When I was in grade two, a woman who lived down the street insisted to my parents that I be put on suicide watch.
I was told as an adult that this neighbour was watching me walk home from elementary school every day and found it incredibly alarming that I wasn’t skipping or laughing. I picture her now as a plump cartoon character, peeking out of her blinds with binoculars, seeing my somber face and crying out in a voice oozing with self-righteousness, “My god, that child isn’t laughing! She’s obviously suicidal, and I must do something! ME to the rescue!” before dialling my parents’ number and consequently inflicting damage that would follow me for the rest of my life.
I have been emotionally cold for as long as I can remember. Growing up, my dad often called me Wednesday, the murderous little girl from The Addam’s Family. Back then, I was tickled that I was different. I liked my dad’s silly nickname for me until that neighbour butted into my life.
I didn’t know about the busy-body woman on our street. I didn’t even know what suicide was. All I knew was that suddenly every day when I got home from school, my parents were saying things like, “Why can’t you just smile? Everyone thinks you’re miserable,” and “It’s not that hard.” But it was hard. Governed by a rigidly analytical nature, it seemed illogical to be disingenuous and force a smile, and therefore, I couldn’t do it.
The frustrating thing was that I was actually my happiest when this lady was spying on me. I looked forward to my walk home because it let me drift into the world of the latest book I had read and make up my own stories. My love for daydreaming is why I became a writer. But I couldn’t do it anymore because I didn’t smile when I daydreamed. Because I was weird.
Wednesday, that name I had previously felt tickled by, morphed into a syringe, piercing deeply and sucking out my self-esteem. It asked, why can’t you just be like everyone else? Later in life, that question rephrased itself as romantic interests repeatedly described me as simply cold.
As I grew up, I’d see my likeness in the serial killers on Criminal Minds, in Patrick Bateman American Psycho, and it didn’t help that I love murder mysteries. I often have to check what I say about the stories I love, worried people are thinking the prospect of human death is what excites me, not of the thrill of solving a mystery. I worry that they think I’m just like Wednesday Addams in every way, not just in her severity. Eventually, I began to think of myself as a villain, inherently evil because I shared so many similarities with the ones I saw on TV.

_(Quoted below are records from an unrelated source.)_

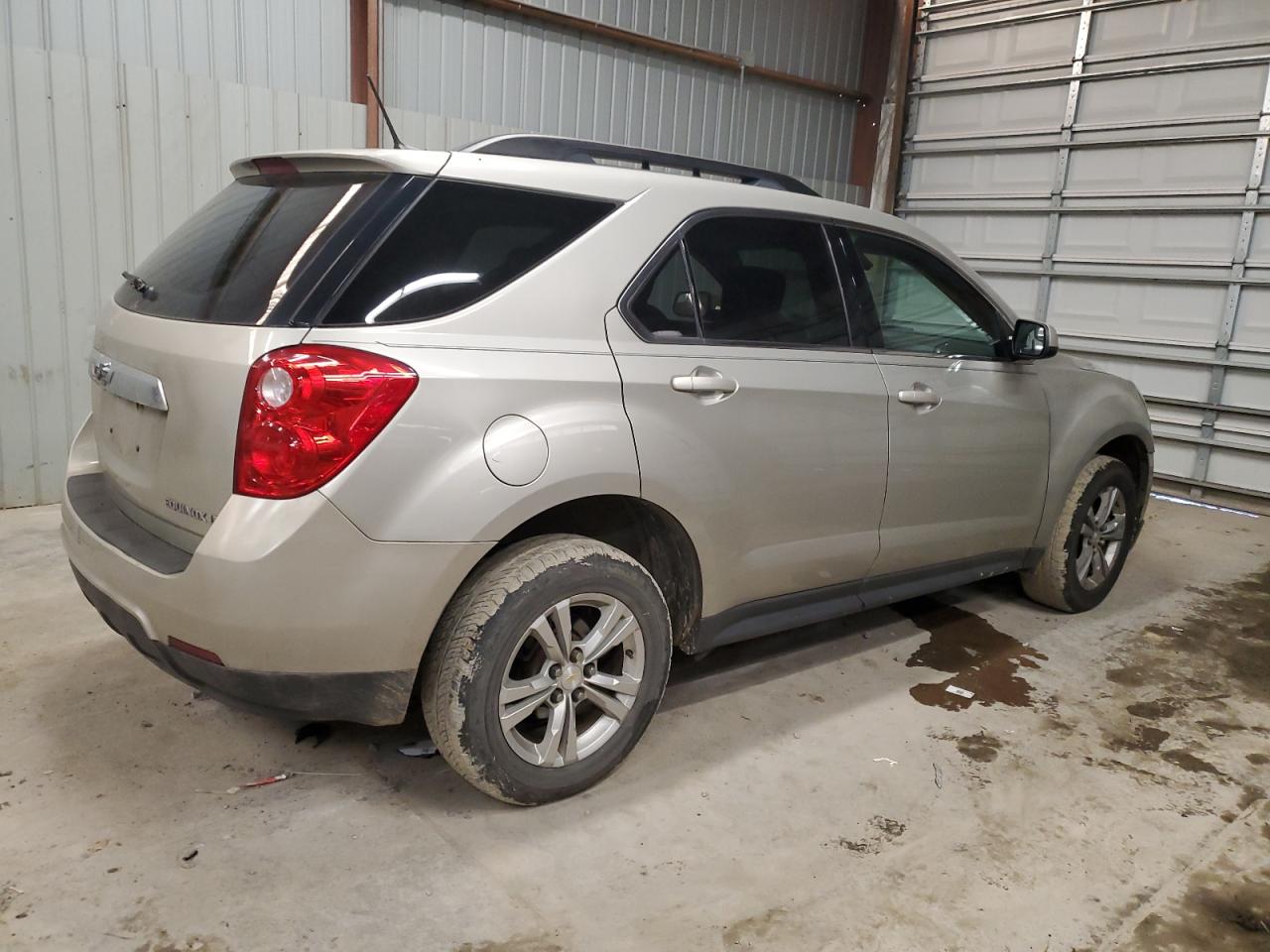2014 Chevrolet Equinox - Image 3
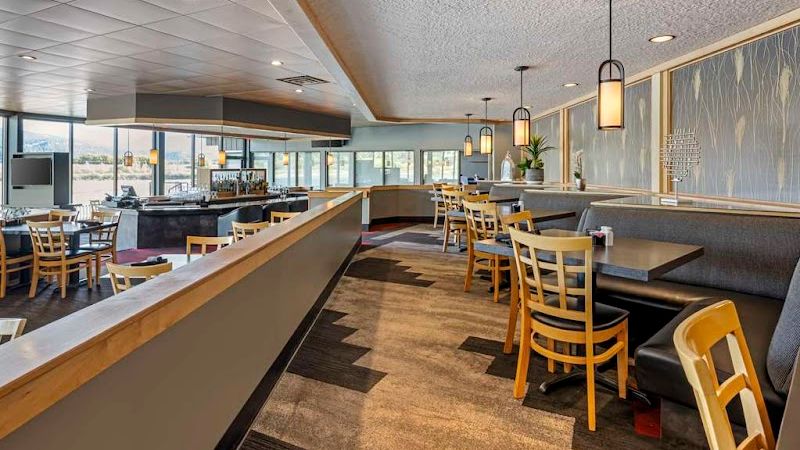 Photo of Best Western Plus Kootenai River Inn Casino & Spa - Restaurant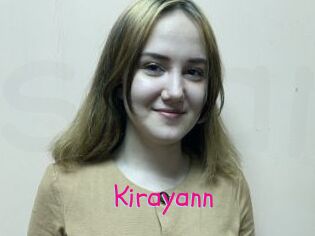 Kirayann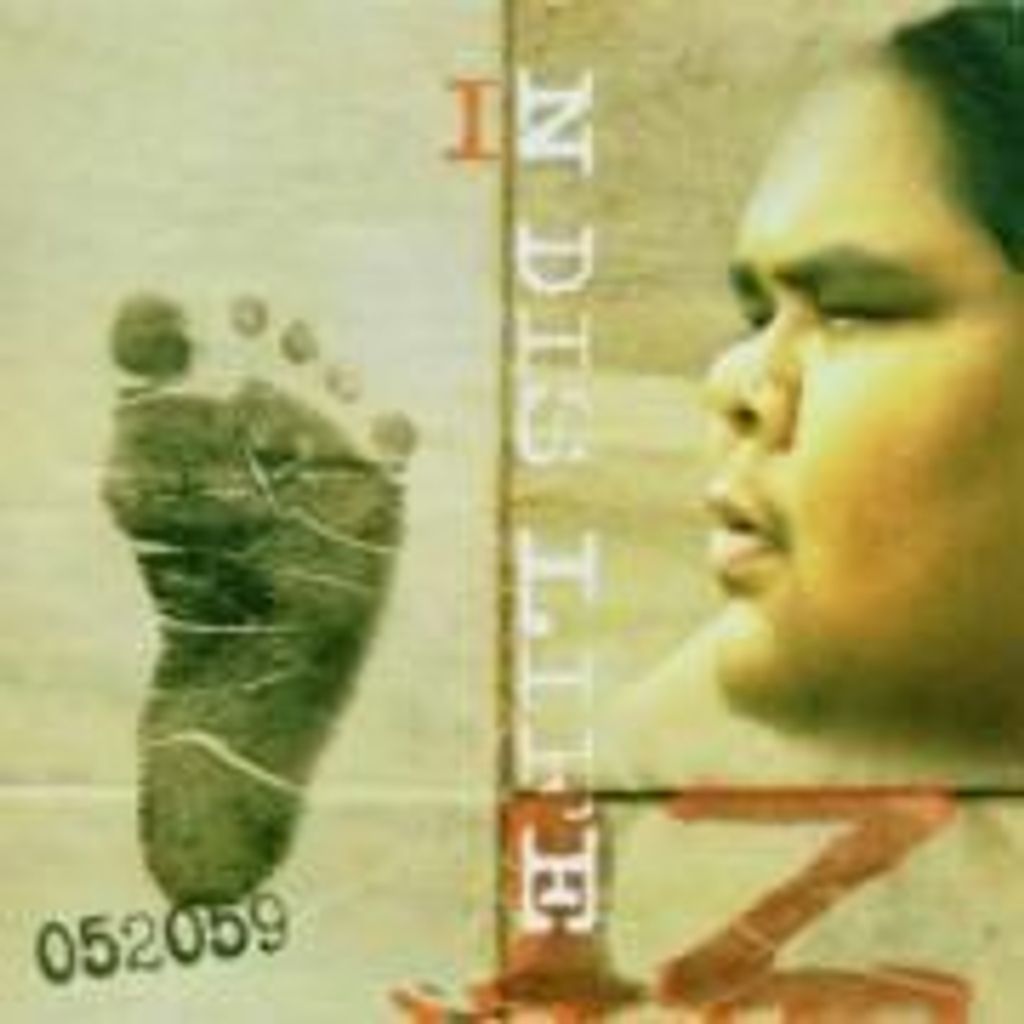 Kamakawiwo'ole, I: N Dis Life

That is until I came across a passage in W is for Wasted, the 23rd book in Sue Grafton’s alphabet mysteries series:
“Here’s how hard-hearted I am: I was irritated by Pearl’s wailing. It seemed pumped up, artificial, overdone. My response was to disconnect, as though I were pulling a plug out of a wall socket. I couldn’t react to the news of Felix’s death because her excess had shut me down. It was as though she’d pre-empted any honest feelings generated by his passing. At the same time, I wondered if Pearl was the normal one and I was too psychologically stunted to experience sorrow. This didn’t seem like the proper moment to sort out questions of such complexity, but the idea had occurred to me on previous occasions—this sense that I was somehow out of step with the rest of humankind.”
Like the narrator, Kinsey Millhone, I’ve spent my life thinking that it’s everyone else who is normal, and I’m the deformed freckle on the skin of society. It never mattered that I find joy in the other’s joy; I can’t show emotions, so there has always been an implication that I have none. I felt destined to only relate to characters like Patrick Bateman forever.
It wasn’t until I read W is for Wasted that I realized my resistance to showing emotion is something that isn’t singular to myself and the serial killers on Criminal Minds. Kinsey, the protagonist and narrator, isn’t the epitome of mental health, but she’s not a bad person; in fact, her whole career as a private investigator revolves around helping people. And she is emotionally cold just like me.
Sue Grafton, the creator of Kinsey Millhone, passed away on December 28 2017 before she could complete the Kinsey Millhone series. Her writing showed me that I’m not a monster. Hard-hearted, absolutely. But not evil. In my typical way, I don’t have the proper words to mourn her. But the feeling is there. It always has been. The world lost an excellent storyteller when she passed. RIP Sue Grafton.